=== What you are asked to do ===
Restate the data below word for word, and let no image into your version.

=== Exercise data ===
------

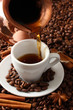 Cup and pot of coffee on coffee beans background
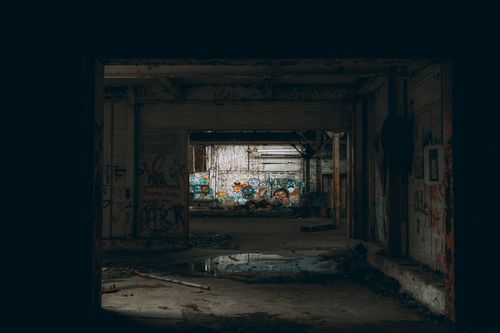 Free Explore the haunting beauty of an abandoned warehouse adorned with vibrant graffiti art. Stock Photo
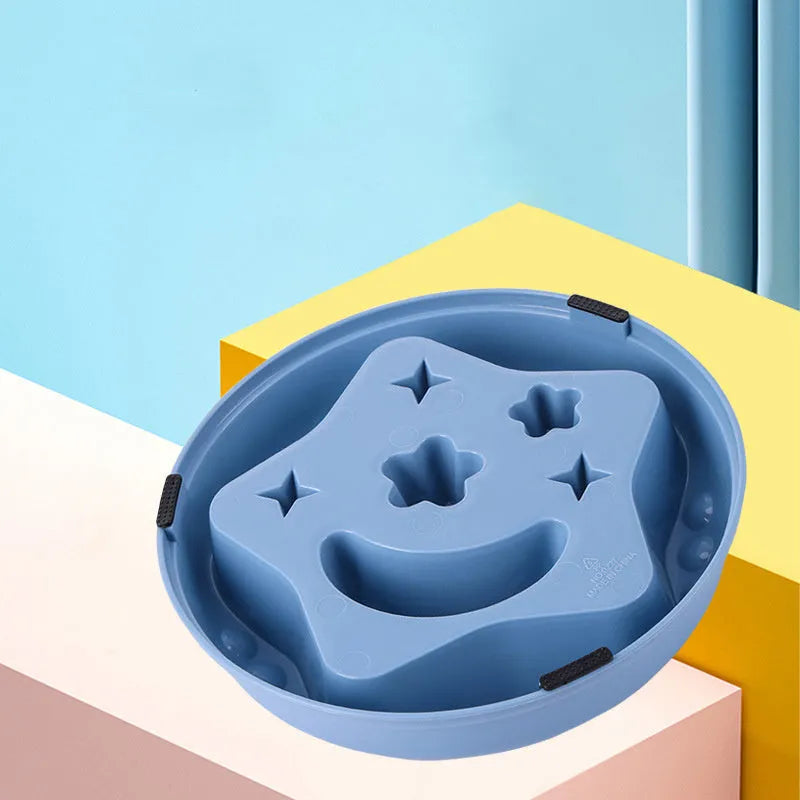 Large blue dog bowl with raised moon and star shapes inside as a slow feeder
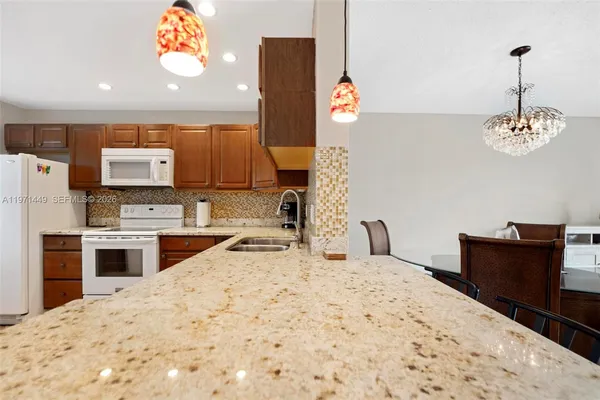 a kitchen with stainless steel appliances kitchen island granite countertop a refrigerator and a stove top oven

------

=== Response to the task ===
 Cup and pot of coffee on coffee beans background
 Free Explore the haunting beauty of an abandoned warehouse adorned with vibrant graffiti art. Stock Photo
 Large blue dog bowl with raised moon and star shapes inside as a slow feeder
 a kitchen with stainless steel appliances kitchen island granite countertop a refrigerator and a stove top oven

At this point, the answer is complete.